## [Dataset records]
◇ ◇ ◇ ◇

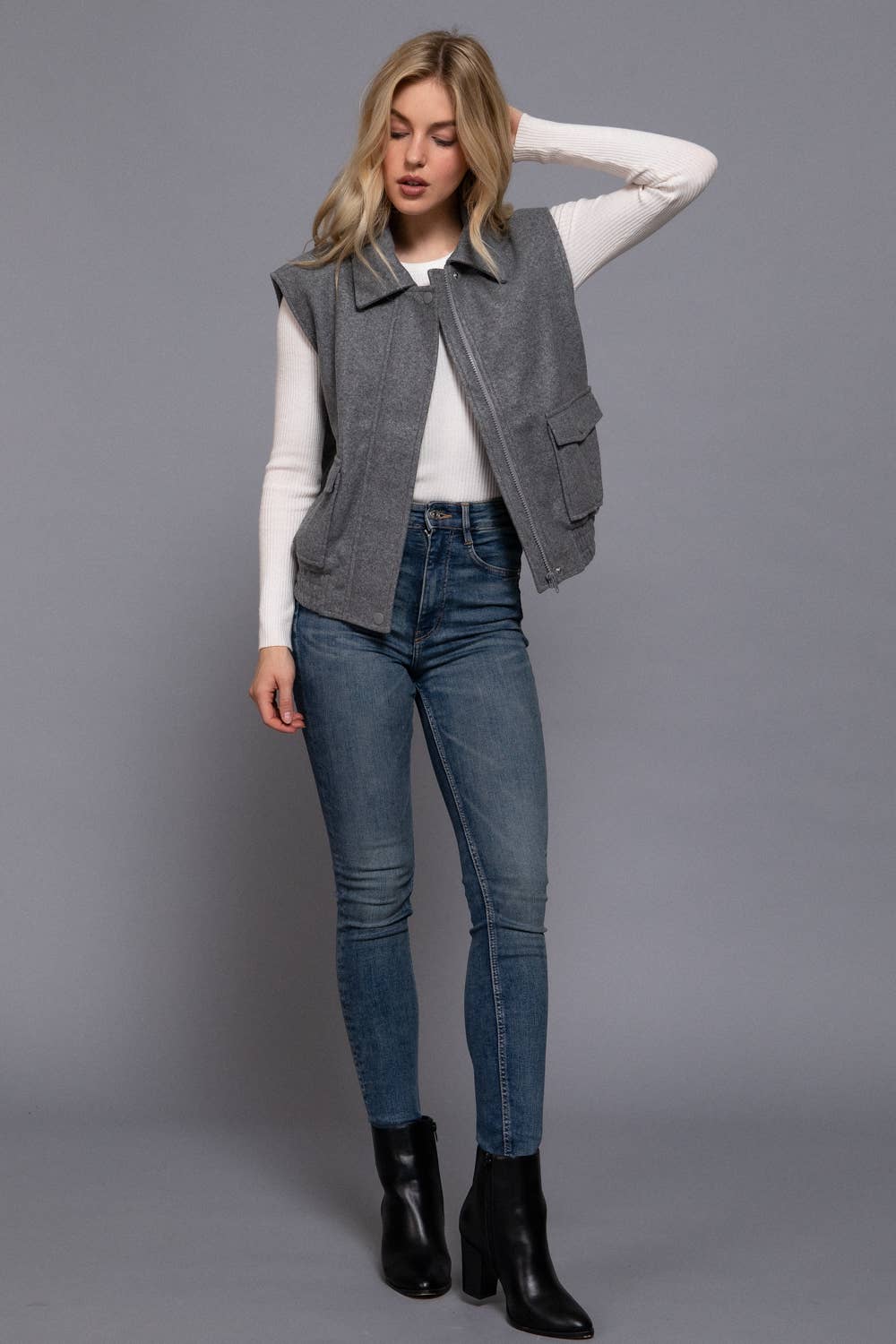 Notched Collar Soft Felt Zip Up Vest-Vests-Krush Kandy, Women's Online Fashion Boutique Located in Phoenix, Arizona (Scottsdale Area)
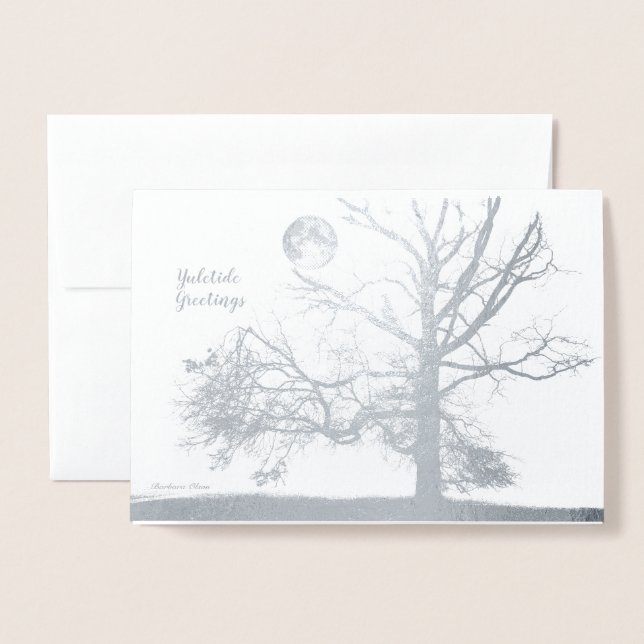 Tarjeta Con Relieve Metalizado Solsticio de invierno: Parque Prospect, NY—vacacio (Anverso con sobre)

◇ ◇ ◇ ◇

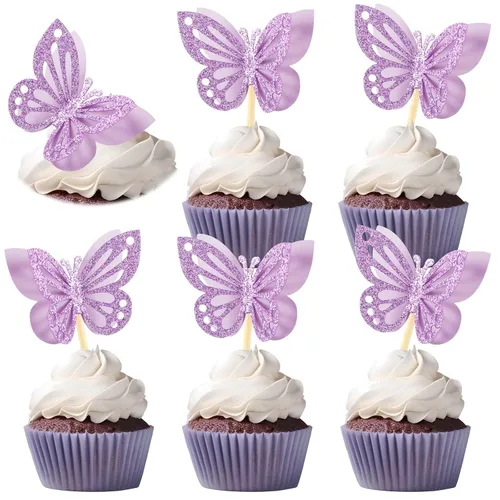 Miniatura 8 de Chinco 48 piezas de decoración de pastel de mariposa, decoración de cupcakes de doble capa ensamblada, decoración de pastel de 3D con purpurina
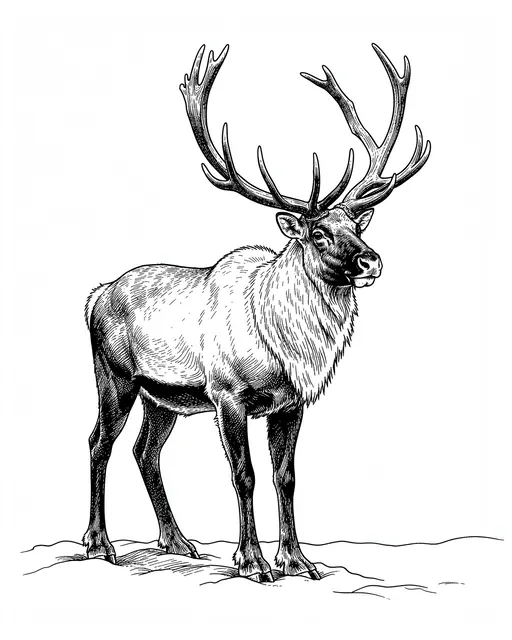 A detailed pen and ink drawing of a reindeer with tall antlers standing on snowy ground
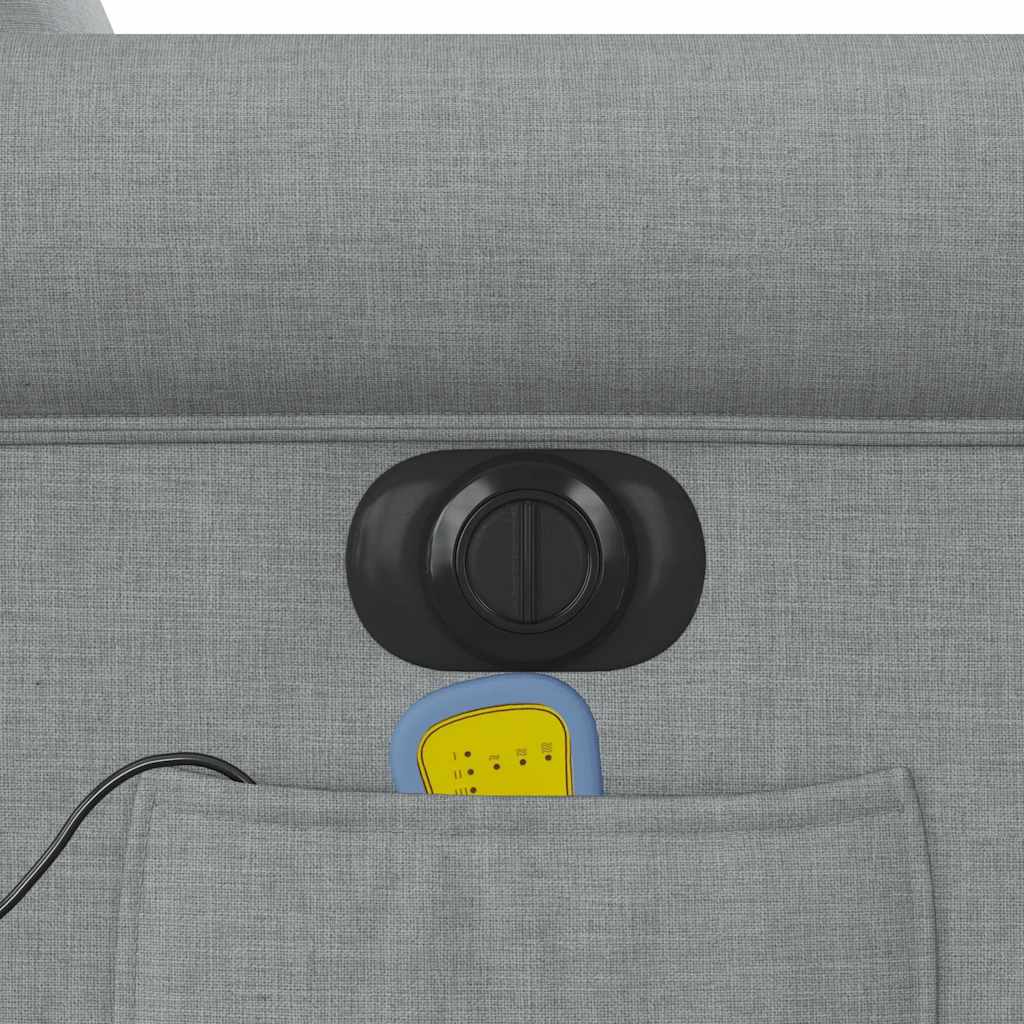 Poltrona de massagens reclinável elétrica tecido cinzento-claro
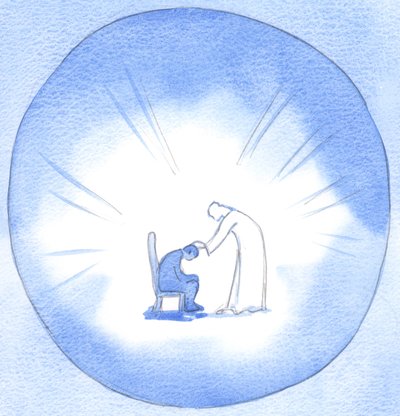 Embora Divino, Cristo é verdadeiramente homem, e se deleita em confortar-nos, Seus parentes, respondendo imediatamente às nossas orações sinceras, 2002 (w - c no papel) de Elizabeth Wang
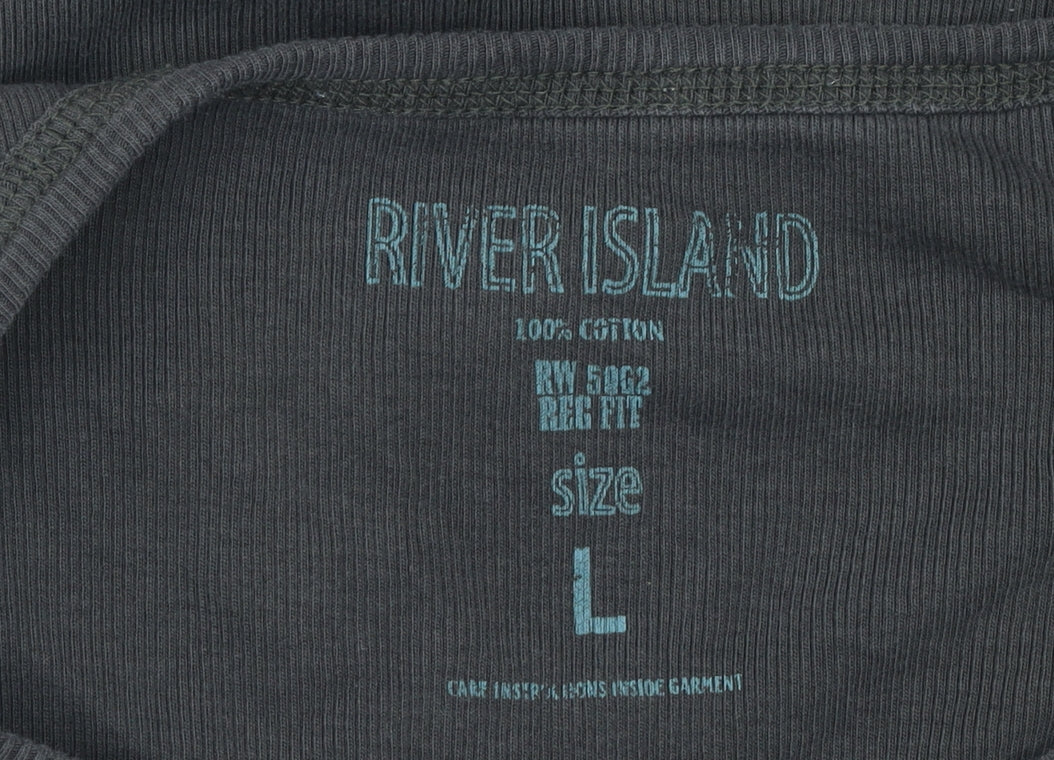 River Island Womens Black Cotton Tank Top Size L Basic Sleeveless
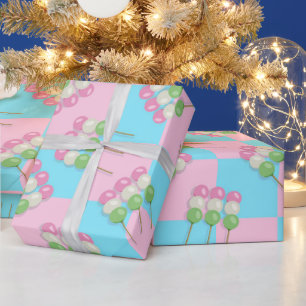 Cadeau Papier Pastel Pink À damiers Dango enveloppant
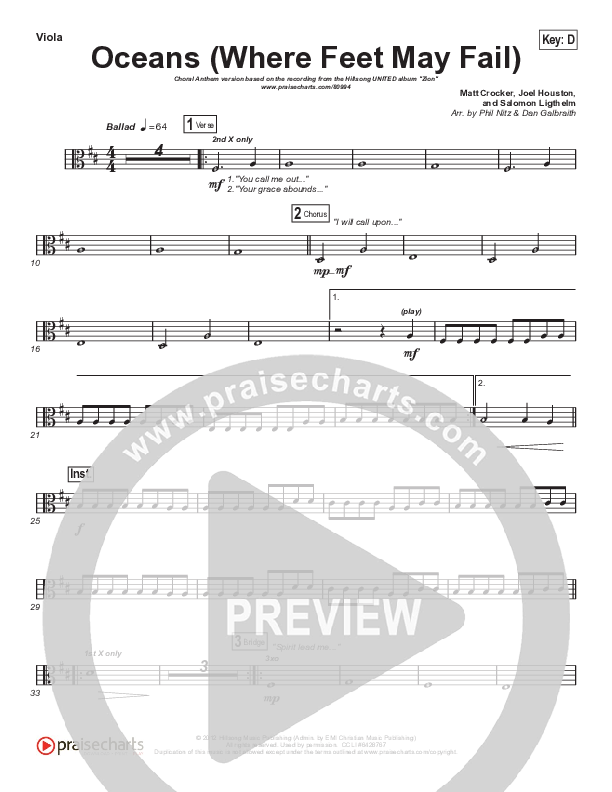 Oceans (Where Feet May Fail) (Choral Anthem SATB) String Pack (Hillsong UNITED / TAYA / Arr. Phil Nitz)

◇ ◇ ◇ ◇

## [Task statement]
Write out again exactly the lines above from the one with "Poltrona de massagens" through the one with "Oceans (Where Feet", adding no other lines and no pictures.

## [Result for this task]
 Poltrona de massagens reclinável elétrica tecido cinzento-claro
 Embora Divino, Cristo é verdadeiramente homem, e se deleita em confortar-nos, Seus parentes, respondendo imediatamente às nossas orações sinceras, 2002 (w - c no papel) de Elizabeth Wang
 River Island Womens Black Cotton Tank Top Size L Basic Sleeveless
 Cadeau Papier Pastel Pink À damiers Dango enveloppant
 Oceans (Where Feet May Fail) (Choral Anthem SATB) String Pack (Hillsong UNITED / TAYA / Arr. Phil Nitz)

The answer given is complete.